E isto vale também para o intelecto produtivo, já que todo aquele que produz alguma
coisa o faz com um fim em vista; e a coisa produzida não é um fim no sentido absoluto,
mas apenas um fim dentro de uma relação particular, e o fim de uma operação particular.
Só o que se pratica é um fim irrestrito; pois a boa ação é um fim ao qual
visa o desejo.
Portanto, a escolha
ou é raciocínio desiderativo ou desejo raciocinativo, e a origem de uma ação dessa
espécie é um homem. Deve-se observar que nenhuma coisa passada é objeto de escolha;
por exemplo, ninguém escolhe ter saqueado Tróia, porque ninguém delibera
a respeito do passado, mas só a respeito do que está para acontecer e pode ser de
outra forma, enquanto o que é passado não pode deixar de haver ocorrido; por isso
Agatão tinha razão em dizer:
Pois somente isto é ao próprio Deus vedado: O
fazer não sucedido o que uma vez aconteceu.
Como acabamos de ver,
a obra de ambas as partes intelectuais é a verdade. Logo, as virtudes de ambas serão
aquelas disposições segundo as quais cada uma delas alcançará a verdade em sumo
grau.”
“A amizade é sumamente
necessária à vida. Porque sem amigos ninguém escolheria viver, ainda que possuísse
todos os outros bens.”
“A amizade também parece
manter unidos os Estados, e dir-se-ia que os legisladores têm mais amor à amizade
do que à justiça, pois aquilo a que visam acima de tudo é à unanimidade, que tem
pontos de semelhança com a amizade; e repelem o facciosismo como se fosse o seu
maior inimigo. E quando os homens são amigos não necessitam de justiça, ao passo
que os justos necessitam também da amizade; e considera-se que a mais genuína forma
de justiça é uma espécie de amizade.”
“Os homens não podem
conhecer-se mutuamente enquanto não houverem “provado sal juntos”.”
“A distância não rompe
a amizade em absoluto, mas apenas a sua atividade. Todavia, se a ausência dura muito
tempo, parece realmente fazer com que os homens esqueçam a sua amizade; daí o provérbio
“longe dos olhos, longe do coração”.”
“A maioria das pessoas
parecem, devido à ambição, preferir ser amada a amar. E é por isso que os homens,
em geral, amam a lisonja.”
“Entre marido e mulher
a amizade parece existir por natureza, pois a espécie humana se inclina naturalmente
a formar casais — mais do que a formar cidades, já que a família é anterior à cidade
e mais necessária do que esta, e a reprodução é comum ao homem e aos animais. Entre
os outros animais a união vai apenas até esse ponto, mas os seres humanos vivem
juntos não só para reproduzir-se, senão também para os vários propósitos da vida.

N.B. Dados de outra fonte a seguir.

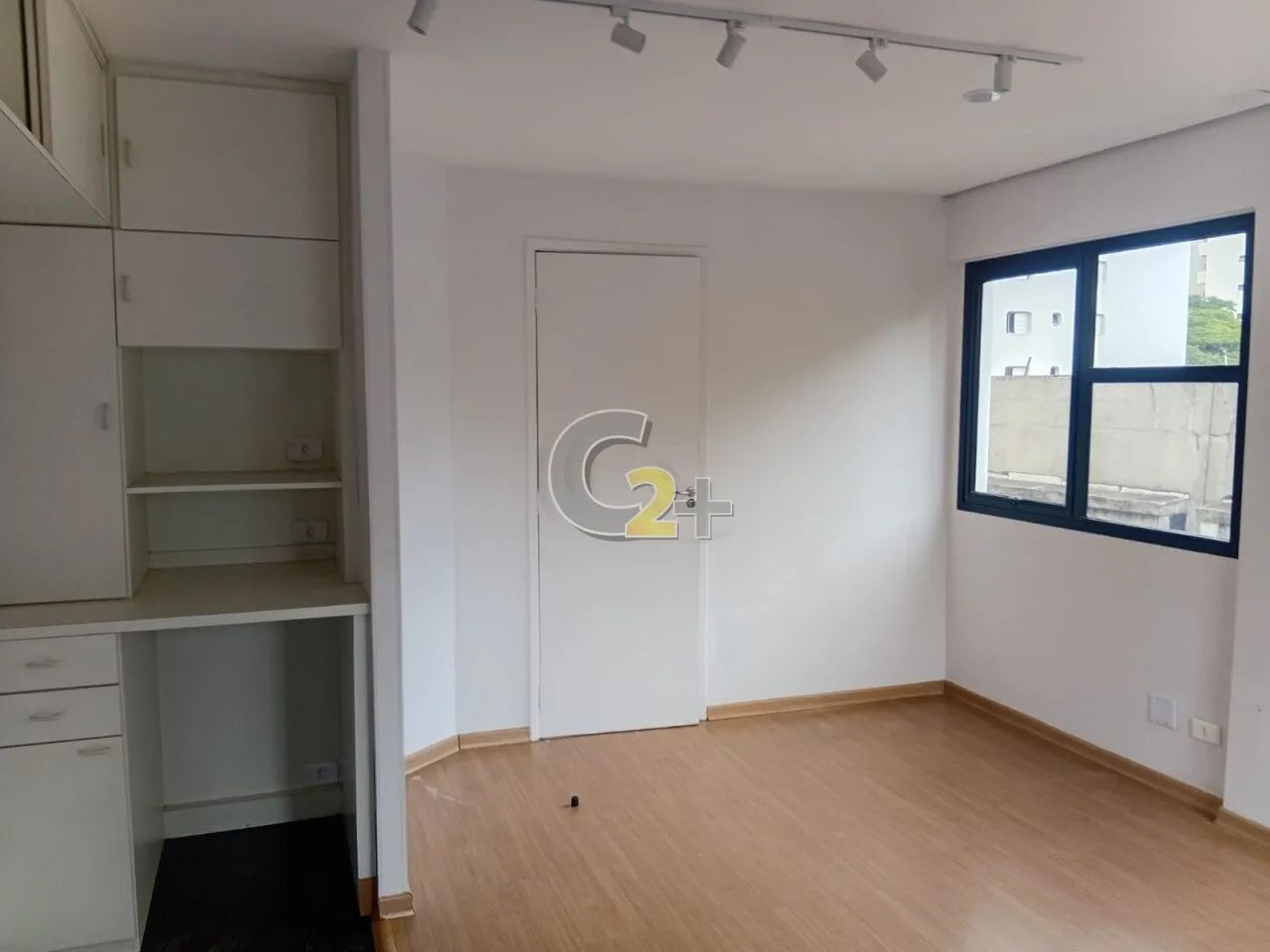 Sala comercial 37mts com 1 sala, banheiro, 1 vaga, elevador - Foto 4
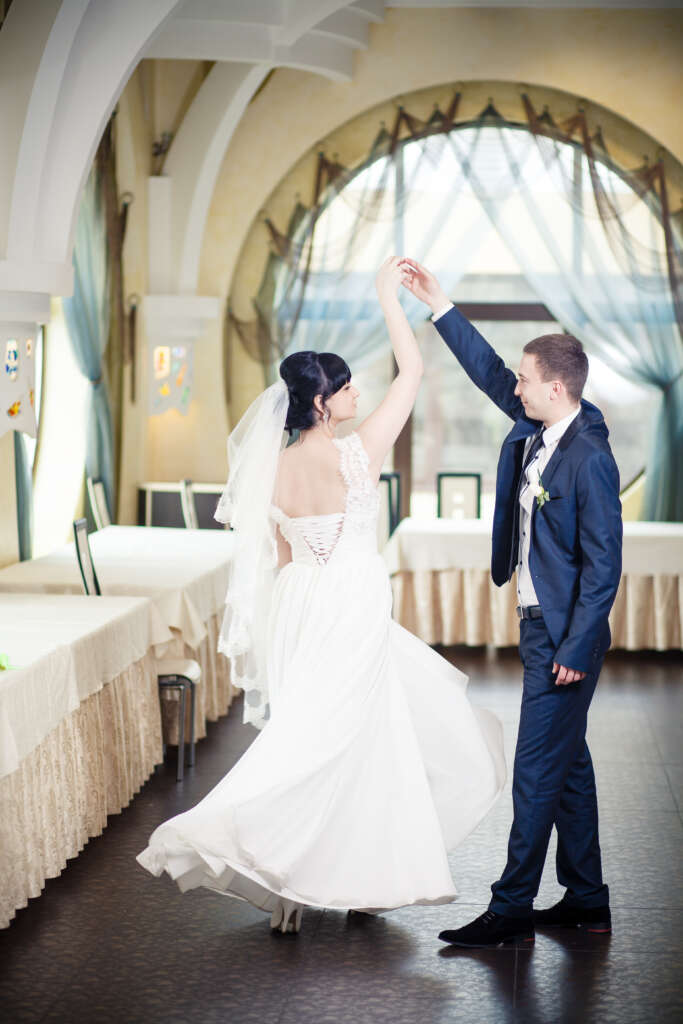 wedding DJ service in Fort Wayne Indiana - wedding dance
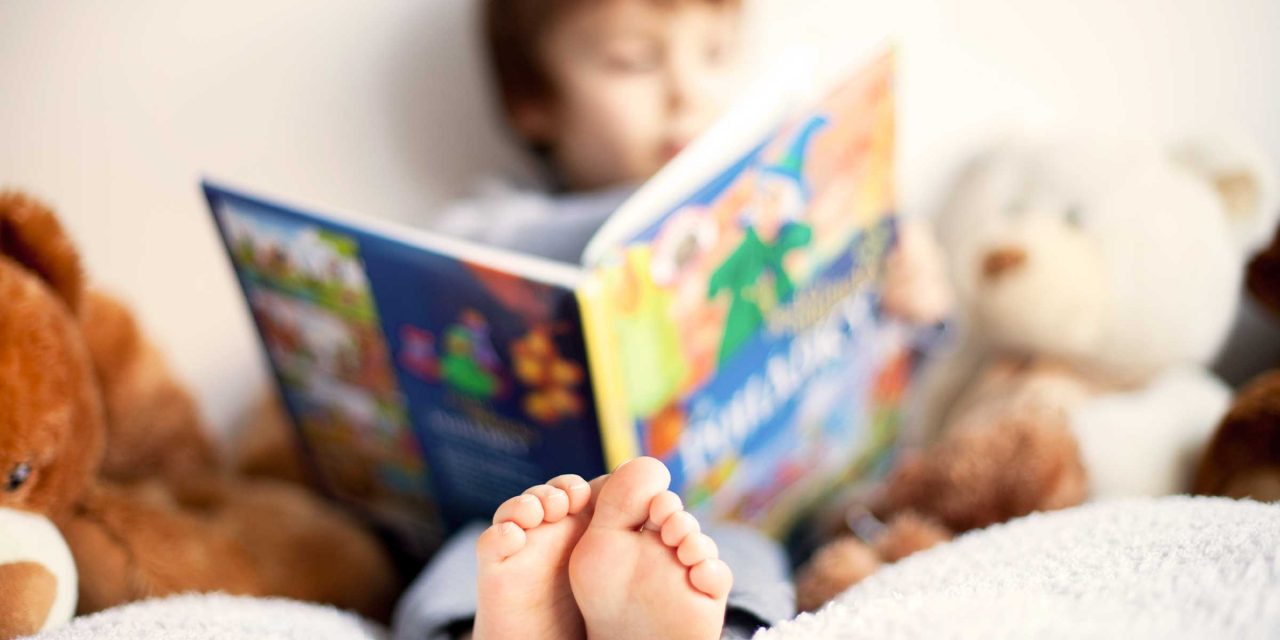 چگونه کودکان را به کتاب خواندن علاقه مند کنیم ؟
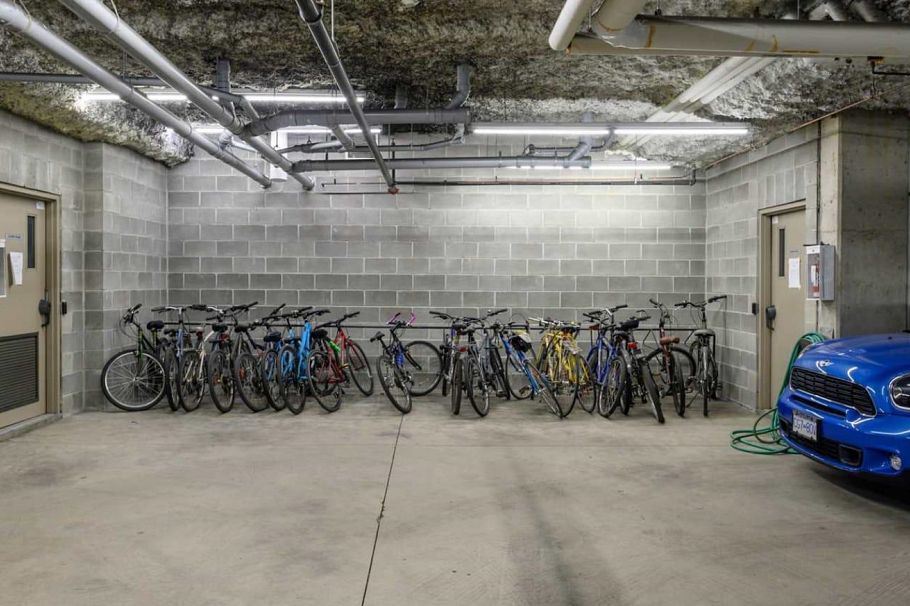 32 728 W 14th Street North Vancouver, BC - 22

E desde o começo são divididas as funções, diferindo entre si as do homem e as da
mulher, e ajudam eles um ao outro fazendo capital comum de seus dotes individuais.
Por tais motivos, tanto a utilidade como o prazer parecem ser encontrados nessa
espécie de amizade. Pode ela, no entanto, basear-se também na virtude, se as partes
são boas; pois cada uma possui a sua virtude própria, e ambas se deleitam nisso.
E os filhos constituem um laço de união (motivo pelo qual os casais sem filhos separam-se
mais facilmente); porquanto os filhos são um bem comum a ambos, e o que ambos possuem
em comum os conserva unidos.”
“Todos os homens ou
a maioria deles desejam o que é nobre, mas escolhem o que é vantajoso.”
“Não parece lícito
a um homem repudiar seu pai (embora o pai possa repudiar o filho). Como devedor
que é, deve pagar, mas nada do que um filho possa fazer equivalerá ao que recebeu,
de modo que ele continua sempre em dívida. Mas, assim como os credores podem perdoar
uma dívida, também um pai pode fazê-lo. E, por outro lado, pensa-se que ninguém
repudiaria um filho que não fosse profundamente perverso; porque, além da amizade
natural entre pai e filho, é próprio da natureza humana não enjeitar a ajuda de
um filho. Mas este, se de fato é perverso, evitará ajudar o pai ou não fará muita
questão disso; porquanto a maioria deseja receber benefícios mas evita fazê-los,
como coisa que não compensa.”
“A companhia dos bons
também nos oferece certo adestramento na virtude, como disse Teógnis antes de nós.”
“Mas no que toca aos
bons amigos, devemos tê-los tanto quanto possível, ou há um limite? O número
apropriado não é provavelmente uma quantidade fixa, mas qualquer que se situe entre
dois pontos fixos. De modo que para os amigos também existe um número fixo — talvez
o maior número com que se pode conviver (pois essa, segundo verificamos, é considerada
como a própria característica da amizade); e é evidente que não se pode conviver
com muitas pessoas e dividir-se entre elas. Acresce que essas pessoas também devem
ser amigas umas das outras, se têm de passar a vida juntas; e dificilmente tal condição
será preenchida com um número elevado de indivíduos. E tampouco é fácil compartilhar
as alegrias e os pesares íntimos de muita gente, pois isso importaria em sentir-se
feliz com um amigo e em contristar-se com outro, simultaneamente.
Parece, pois, que convém
não procurar ter o maior número possível de amigos, mas apenas tantos quantos forem
suficientes para os fins do convívio, pois ser um grande amigo de muitas pessoas
é coisa que se afigura impossível. Por essa mesma razão, não podemos amar várias
pessoas ao mesmo tempo. O ideal do amor é ser como que um excesso de amizade, e
isso só se pode sentir por uma pessoa, donde se segue que também só podemos sentir
uma grande amizade por poucas pessoas.
Isto parece encontrar
confirmação na prática, pois são muito raros os casos de um grande número de pessoas
que sejam amigas umas das outras no sentido da amizade-camaradagem, e as amizades
famosas dessa espécie são sempre entre duas pessoas. Os que têm muitos amigos e
mantêm intimidade com eles passam por não ser amigos de ninguém, salvo dentro dos
limites apropriados a concidadãos; e tais pessoas são também chamadas obsequiosas.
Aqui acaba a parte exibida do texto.